WEST LAFAYETTE — It wasn’t that long ago when D.J. Byrd missed every 3-pointer he took during losses to Xavier and Eastern Michigan.

Now it seems like he can’t miss.

Byrd continued his hot shooting from the perimeter as Purdue steamrolled West Virginia 79-52 in a nonconference game on Saturday in Mackey Arena.

It’s the third consecutive win for Purdue (10-8) and sixth out of its last eight. Byrd was a big reason why the Boilermakers are two games over .500 for the first time this season.

He led all scorers with 17 points, making 4 of 6 from beyond the arc, adding five rebounds and four assists. In his last nine games Byrd has made 47 percent of his 3-point attempts (27-of-58).

“He feeds off of makes, so it’s really important for him to take good shots,” said Purdue coach Matt Painter. “When he takes good shots normally the ball goes in and then he feeds off of that and plays better.”

Purdue won its previous game, at Nebraska, but not before a 20-point halftime lead dwindled down to five points.

No such problems against West Virginia, as Purdue quickly turned a comfortable 37-23 halftime lead into a lopsided affair.

Raphael Davis scored eight of his 16 points during a 15-4 run to open the second half, pushing Purdue’s lead to 25 points.

“It’s been an emphasis of coming out and not letting (teams) get their heads up,” Byrd said. “We knocked down a couple of shots in a row and then stopped them from hitting some shots. We had a good start in the second half and we need to continue to do that.”

The Mountaineers (8-9) would get no closer than 23 points the remainder of the game and trailed by as many as 31.

West Virginia coach Bob Huggins was less than pleased with his team in the postgame news conference, showing his displeasure through a poignant analysis:

“We ought to be used to not making shots,” Huggins said of his team, which shot 29 percent from the field. “We’re very proficient at it. … We’re so damn bad. I don’t know. Most teams can score if you throw them the ball for layups.”

Huggins critiqued his team for not fully digesting the scouting report, not playing with enough basketball IQ, and also not being able, or willing, to pass the ball in the Mountaineers’ motion offense.

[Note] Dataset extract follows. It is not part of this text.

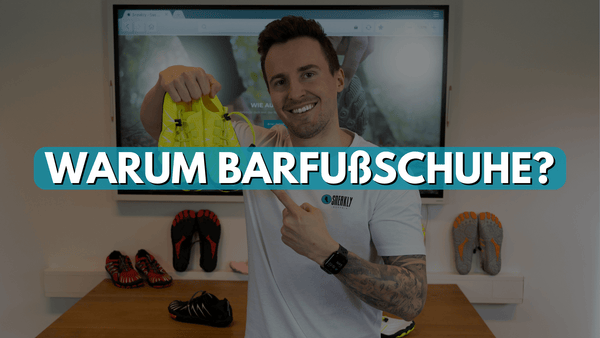 Warum Barfußschuhe?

“Unexplainable,” Huggins said. “I’ve done this for a long time and I haven’t seen the some of the stupid stuff we do. ... I just don’t know if we know how to play basketball.”

Purdue started a lineup of three freshmen, Ronnie Johnson, A.J. Hammons and Raphael Davis, along with Byrd and Terone Johnson, for the third consecutive game.

Sandi Marcius, who played at LaPorte LaLumiere, provided four points and four rebounds in 14 minutes off the bench; after playing just 21 minutes in the past nine games, including three in which he didn’t play.

“He’s kept a great attitude in practice and has been positive, and when you do that and get an opportunity in a game, you normally play well,” Painter said.

Purdue has won two of the last three meetings with West Virginia over the past four seasons in what could become an annual series. Huggins said he believes the teams have agreed to meet three more times.

West Virginia was led by Eron Harris, who had 10 points but shot just 2 of 10 from the field. Anthony Johnson added 12 points and had no turnovers for Purdue, while Terone Johnson scored 11.